Shopping Tips for Wines

Shopping Tips for Wines

Wine. It intoxicates, it exhilarates. It feels good down the throat and even better when combined with the right kinds of food. It's hard to go wrong with wine appreciating. The only measure for the level of taste is your tongue. One man's Bordeaux is another man's Champagne. There is no right or wrong, so don't let anyone tell you otherwise.

Yes, wine does get batter with age. But sometimes, it too can go rank (spitting is advised at this point). So your consideration when picking up a bottle is the taste. Fruity and light means a young white. Rick, oak flavors means a slightly aged deep red. It doesn't mean that if you pay more, the wine will necessarily be better.

Shopping for wine can be quite a challenge, as there is often an immense range to choose from. Sometimes a little planning will be in your favor. Just knowing the type or style of a wine you want will make your buying decision that much easier.
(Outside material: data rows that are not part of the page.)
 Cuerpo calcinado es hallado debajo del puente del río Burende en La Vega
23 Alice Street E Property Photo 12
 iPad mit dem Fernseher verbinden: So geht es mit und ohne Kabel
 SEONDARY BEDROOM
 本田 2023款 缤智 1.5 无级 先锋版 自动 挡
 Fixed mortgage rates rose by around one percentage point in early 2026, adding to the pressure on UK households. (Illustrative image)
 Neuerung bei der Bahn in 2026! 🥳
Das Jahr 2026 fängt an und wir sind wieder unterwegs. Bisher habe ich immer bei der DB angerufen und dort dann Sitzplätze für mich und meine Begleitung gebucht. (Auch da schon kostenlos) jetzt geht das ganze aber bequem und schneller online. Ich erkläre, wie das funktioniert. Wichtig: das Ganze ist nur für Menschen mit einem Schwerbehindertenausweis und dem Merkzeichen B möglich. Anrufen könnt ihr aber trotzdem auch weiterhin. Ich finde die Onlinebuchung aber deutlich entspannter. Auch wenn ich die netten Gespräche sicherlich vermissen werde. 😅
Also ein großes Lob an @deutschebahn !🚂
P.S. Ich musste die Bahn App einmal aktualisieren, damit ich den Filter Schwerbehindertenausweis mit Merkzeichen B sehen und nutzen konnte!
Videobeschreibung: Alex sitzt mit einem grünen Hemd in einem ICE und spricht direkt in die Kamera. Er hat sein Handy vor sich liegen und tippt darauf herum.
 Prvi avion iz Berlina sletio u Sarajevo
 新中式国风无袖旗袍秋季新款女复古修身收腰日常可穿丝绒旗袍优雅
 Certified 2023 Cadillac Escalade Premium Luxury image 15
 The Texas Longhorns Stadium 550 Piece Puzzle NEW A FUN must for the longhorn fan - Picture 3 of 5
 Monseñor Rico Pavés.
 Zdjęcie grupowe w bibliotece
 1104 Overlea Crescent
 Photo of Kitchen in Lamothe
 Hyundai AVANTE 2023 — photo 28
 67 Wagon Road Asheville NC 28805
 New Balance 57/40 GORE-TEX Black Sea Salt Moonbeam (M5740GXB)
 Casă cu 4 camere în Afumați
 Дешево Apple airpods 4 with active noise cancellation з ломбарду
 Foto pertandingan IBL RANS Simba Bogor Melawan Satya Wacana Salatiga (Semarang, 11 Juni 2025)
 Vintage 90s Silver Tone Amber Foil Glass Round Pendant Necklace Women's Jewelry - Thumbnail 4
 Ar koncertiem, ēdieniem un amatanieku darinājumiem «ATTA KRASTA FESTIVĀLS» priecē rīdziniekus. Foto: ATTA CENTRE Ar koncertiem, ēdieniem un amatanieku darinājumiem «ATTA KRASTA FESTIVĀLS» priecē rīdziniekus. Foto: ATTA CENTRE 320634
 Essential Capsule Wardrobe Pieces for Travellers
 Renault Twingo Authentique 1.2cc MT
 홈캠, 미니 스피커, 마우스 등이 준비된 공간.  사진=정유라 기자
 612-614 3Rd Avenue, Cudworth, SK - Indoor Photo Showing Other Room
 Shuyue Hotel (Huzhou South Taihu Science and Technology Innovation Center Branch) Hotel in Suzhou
Building up some knowledge of the various wine merchants, in your area and on the internet, can be very advantageous. Each merchant tends to have a particular strong point. One may be extremely good on Bordeaux for example, or specialize in Italian wines, and they will be happy to pass on their experience to you - the customer. Remember too, that some knowledge of which producers are making particularly good wine, or which regions offer good value, put you in a much more secure position.


There was a time when you could almost tell at an instant where a wine came from, just by looking at the shape of the bottle. This still holds true for some of the more traditional regions, such as Alsace or Bordeaux, but a glance or two around the shelves of your local supplier will also reveal the influence of design teams keen to catch the eye with bottle shapes that stand out from the crowd.

The Label

A wine label provides an excellent opportunity to send a message and pass on information to a potential customer.

In Europe, a place name may suffice. Chablis, Sancerre and Châteauneuf-du-Pape are all examples of French wines that can easily sell due to the fact that the name is recognized. In the 'New World' however, varietal labeling is the norm, as an increasing amount of wine is sold on the back of the name of the grape variety. The world's most popular grape, Chardonnay, could be perceived as a wine style, such is the influence carried by its name alone. The fact that most white Burgundy is made from Chardonnay is left for those of us who care to find out.

Depending on the wine, and in some cases the region, the name of the producer can be extremely important. You may wish to take note of the vintage. This is particularly important where grapes are grown in marginal climates. Each label will also indicate the percentage of alcohol by volume, which can range from 7-15 percent.